_Data for review_
↓↓↓
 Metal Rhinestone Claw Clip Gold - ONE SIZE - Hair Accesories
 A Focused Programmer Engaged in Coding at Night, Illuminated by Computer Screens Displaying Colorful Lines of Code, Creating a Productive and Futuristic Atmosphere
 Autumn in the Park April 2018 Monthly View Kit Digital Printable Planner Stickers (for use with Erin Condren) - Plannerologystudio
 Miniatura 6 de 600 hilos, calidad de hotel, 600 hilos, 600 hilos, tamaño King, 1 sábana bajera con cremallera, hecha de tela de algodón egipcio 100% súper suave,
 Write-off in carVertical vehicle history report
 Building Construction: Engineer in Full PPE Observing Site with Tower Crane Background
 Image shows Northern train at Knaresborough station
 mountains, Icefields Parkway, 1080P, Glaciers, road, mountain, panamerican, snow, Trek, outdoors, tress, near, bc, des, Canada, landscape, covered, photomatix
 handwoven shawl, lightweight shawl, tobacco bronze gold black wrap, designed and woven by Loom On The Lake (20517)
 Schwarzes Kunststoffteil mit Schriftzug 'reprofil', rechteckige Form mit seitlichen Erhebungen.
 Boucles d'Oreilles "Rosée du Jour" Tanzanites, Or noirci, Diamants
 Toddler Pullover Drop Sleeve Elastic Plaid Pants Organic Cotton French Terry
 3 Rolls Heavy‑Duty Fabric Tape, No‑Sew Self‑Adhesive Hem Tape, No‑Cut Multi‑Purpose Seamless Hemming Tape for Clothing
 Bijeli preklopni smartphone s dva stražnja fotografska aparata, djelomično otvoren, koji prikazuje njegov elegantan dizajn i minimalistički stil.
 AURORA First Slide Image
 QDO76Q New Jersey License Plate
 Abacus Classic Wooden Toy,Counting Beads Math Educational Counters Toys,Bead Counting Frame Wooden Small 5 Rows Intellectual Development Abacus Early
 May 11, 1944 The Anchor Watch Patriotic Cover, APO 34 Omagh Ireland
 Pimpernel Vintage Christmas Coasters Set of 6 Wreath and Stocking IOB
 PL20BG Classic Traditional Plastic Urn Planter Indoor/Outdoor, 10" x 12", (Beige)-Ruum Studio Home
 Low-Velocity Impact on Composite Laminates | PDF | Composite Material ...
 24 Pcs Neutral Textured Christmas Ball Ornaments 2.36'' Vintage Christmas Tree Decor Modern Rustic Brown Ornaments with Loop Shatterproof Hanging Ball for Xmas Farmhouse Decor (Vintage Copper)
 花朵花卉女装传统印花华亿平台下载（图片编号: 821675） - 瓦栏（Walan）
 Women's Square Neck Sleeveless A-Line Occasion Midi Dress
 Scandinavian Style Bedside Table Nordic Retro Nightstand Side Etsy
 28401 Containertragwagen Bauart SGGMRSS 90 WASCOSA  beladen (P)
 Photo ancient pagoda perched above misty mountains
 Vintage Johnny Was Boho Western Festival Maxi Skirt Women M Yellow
↑↑↑
Quote all the records. Keep every word exact.

_Response area_
 Metal Rhinestone Claw Clip Gold - ONE SIZE - Hair Accesories
 A Focused Programmer Engaged in Coding at Night, Illuminated by Computer Screens Displaying Colorful Lines of Code, Creating a Productive and Futuristic Atmosphere
 Autumn in the Park April 2018 Monthly View Kit Digital Printable Planner Stickers (for use with Erin Condren) - Plannerologystudio
 Miniatura 6 de 600 hilos, calidad de hotel, 600 hilos, 600 hilos, tamaño King, 1 sábana bajera con cremallera, hecha de tela de algodón egipcio 100% súper suave,
 Write-off in carVertical vehicle history report
 Building Construction: Engineer in Full PPE Observing Site with Tower Crane Background
 Image shows Northern train at Knaresborough station
 mountains, Icefields Parkway, 1080P, Glaciers, road, mountain, panamerican, snow, Trek, outdoors, tress, near, bc, des, Canada, landscape, covered, photomatix
 handwoven shawl, lightweight shawl, tobacco bronze gold black wrap, designed and woven by Loom On The Lake (20517)
 Schwarzes Kunststoffteil mit Schriftzug 'reprofil', rechteckige Form mit seitlichen Erhebungen.
 Boucles d'Oreilles "Rosée du Jour" Tanzanites, Or noirci, Diamants
 Toddler Pullover Drop Sleeve Elastic Plaid Pants Organic Cotton French Terry
 3 Rolls Heavy‑Duty Fabric Tape, No‑Sew Self‑Adhesive Hem Tape, No‑Cut Multi‑Purpose Seamless Hemming Tape for Clothing
 Bijeli preklopni smartphone s dva stražnja fotografska aparata, djelomično otvoren, koji prikazuje njegov elegantan dizajn i minimalistički stil.
 AURORA First Slide Image
 QDO76Q New Jersey License Plate
 Abacus Classic Wooden Toy,Counting Beads Math Educational Counters Toys,Bead Counting Frame Wooden Small 5 Rows Intellectual Development Abacus Early
 May 11, 1944 The Anchor Watch Patriotic Cover, APO 34 Omagh Ireland
 Pimpernel Vintage Christmas Coasters Set of 6 Wreath and Stocking IOB
 PL20BG Classic Traditional Plastic Urn Planter Indoor/Outdoor, 10" x 12", (Beige)-Ruum Studio Home
 Low-Velocity Impact on Composite Laminates | PDF | Composite Material ...
 24 Pcs Neutral Textured Christmas Ball Ornaments 2.36'' Vintage Christmas Tree Decor Modern Rustic Brown Ornaments with Loop Shatterproof Hanging Ball for Xmas Farmhouse Decor (Vintage Copper)
 花朵花卉女装传统印花华亿平台下载（图片编号: 821675） - 瓦栏（Walan）
 Women's Square Neck Sleeveless A-Line Occasion Midi Dress
 Scandinavian Style Bedside Table Nordic Retro Nightstand Side Etsy
 28401 Containertragwagen Bauart SGGMRSS 90 WASCOSA  beladen (P)
 Photo ancient pagoda perched above misty mountains
 Vintage Johnny Was Boho Western Festival Maxi Skirt Women M Yellow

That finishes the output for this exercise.